There are, and always have been, people who look to the future for our solutions and those who look to the past. The former often see the future as a bright shining place, where man can live in peace and harmony away from the horrors of war, plague, bloodshed etc. The latter see the past as a more peaceful, tranquil place.

I suspect that most bushcrafters are atavistic in their outlook. They are not so concerned with the promises of the Utopia of the future, but hark back to the security of Eden of the past.

We would all like to have ten acres of woods in which to play, but that's all it is- play. There are too many people on the planet to allow everyone to live this lifestyle unless we give up our modern standards of living, and there are just too many citizens of the world who don't give a fig for feathersticks or firesteels, they want microwaves and motorways. The people who least want to live the "bushcraft" life are often those who use the skills most- the poor of Africa and Asia. They want the western dream as they see it and would prefer to have an modern oven rather than have to make charcoal or collect firewood everyday.

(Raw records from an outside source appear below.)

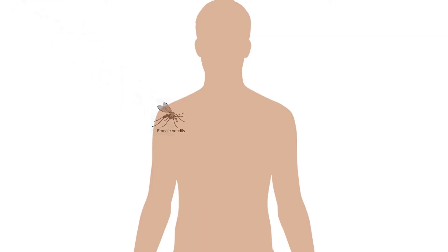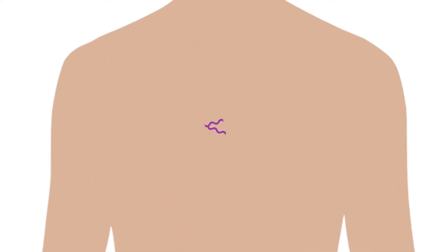Transmitted by the bite of infected female phlebotomine sand flies, the sand flies inject the infective stage, metacyclic promastigotes, during blood meals.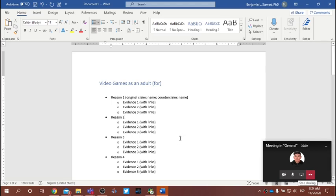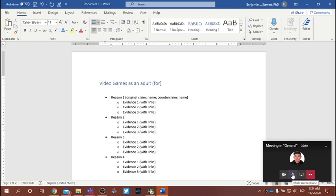Let's go ahead and break up into our groups like we did yesterday. I'll be online — jump in if you have any questions and I'll also be checking the chat. We'll continue working and preparing for the debate and come back at 9:40 to close the class.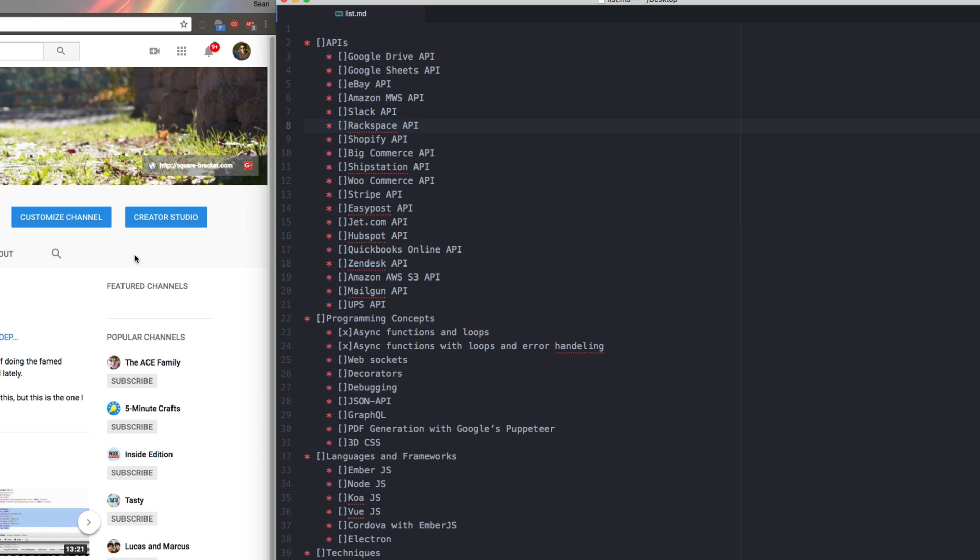I want to go over a bunch of programming concepts that I've been doing: async/await, a lot of Node.js things, websockets, ES7 decorators, different debugging techniques, GraphQL, CSS and 3D, and then a bunch of frameworks that I've been playing with.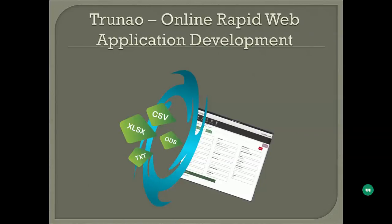Welcome to TrueNow. This is going to be a quick introduction and a demo along with the introduction to show you what TrueNow can do for you.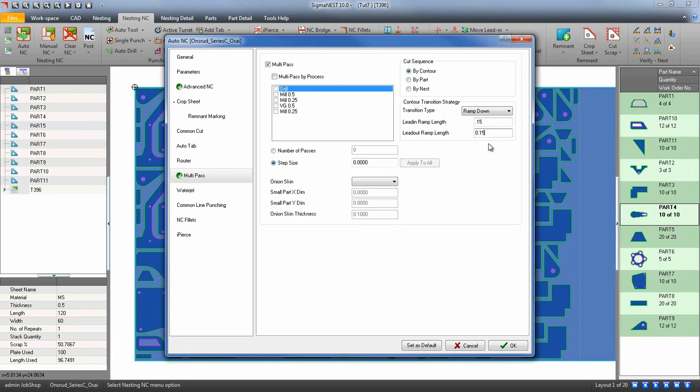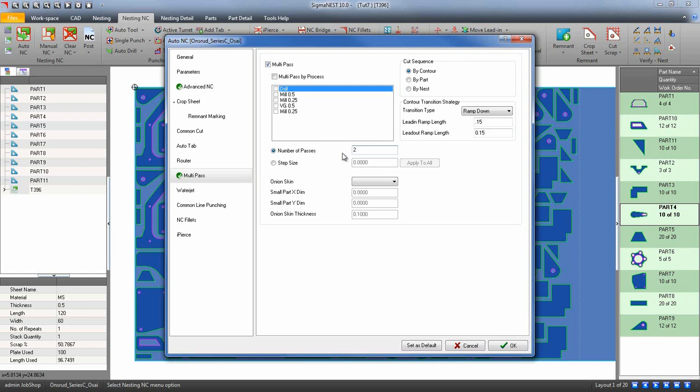Depending on the thickness of your material, decide how many passes it will take to create a part quality you desire. Material thickness will be divided by the number of passes, or you can enter in a step size for each layer. If my thickness is 1 inch and I enter in 0.25, I will create 4 multi-passes.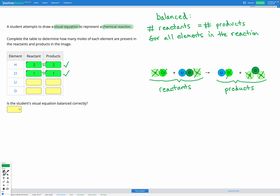Next, let's look at lithium. We have one lithium in our reactants and one lithium in our products. Again, those are equal, so lithium is balanced.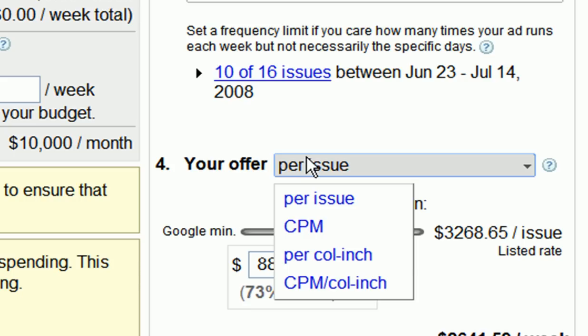After choosing how often your ad runs, you'll need to choose your pricing model. You can choose from the following pricing models: per issue, CPM, per column inch, or CPM per column inch. Note that per issue is the default setting, and this is how much it would cost to run an ad for a day in a particular paper. If you're a new advertiser, this is the easiest pricing model for understanding what your total spend would be.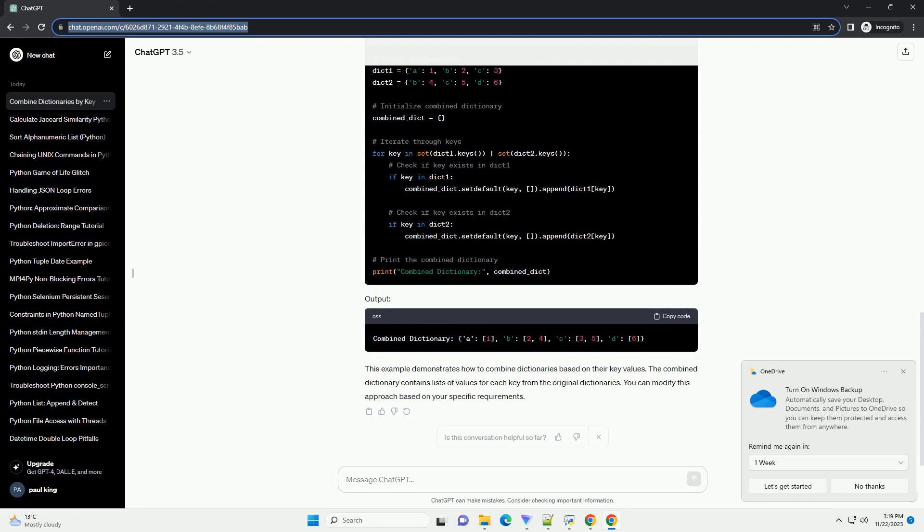Finally, print the combined dictionary. This example demonstrates how to combine dictionaries based on their key values. The combined dictionary contains lists of values for each key from the original dictionaries. You can modify this approach based on your specific requirements.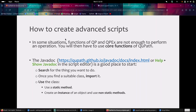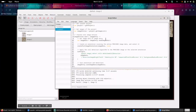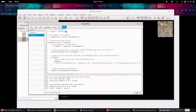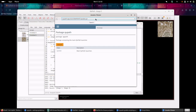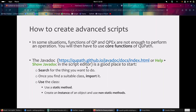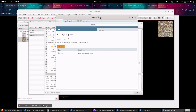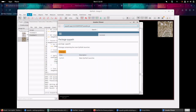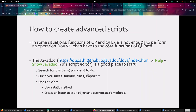In most situations, the functions of QP and QPEx will be enough to do the analysis you want to do. But sometimes it's not. If it's not, you will have to look at the Javadoc - it is available online but also available if you click on Help and Show Javadocs. How to proceed if you want to do something not covered by QP: three steps. First, you search for the thing you want to do using the Javadoc and try to find a class useful for what you want to do. Once you find it, you will have to import it. Finally, you can use it.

So in conclusion, I would say that for me there is a certain romance involved in bushcraft, it scratches a certain itch that I feel where it comes to connecting with the wilderness and to a certain extent, the past. I also feel that as was said above, you have to have lost something to be able to appreciate it fully. In our modern part of the world any true wilderness has been largely lost, we are the people who feel that loss most keenly and therefore seek to keep alive the skills and lifestyle associated with living in the wild. There was no name for bushcraft when people practiced it daily as a means of living- it was just what they did. It wasn't until the modern world overtook the traditional one that we began to see the merits of that older way of life.

Hope all this makes sense to some degree.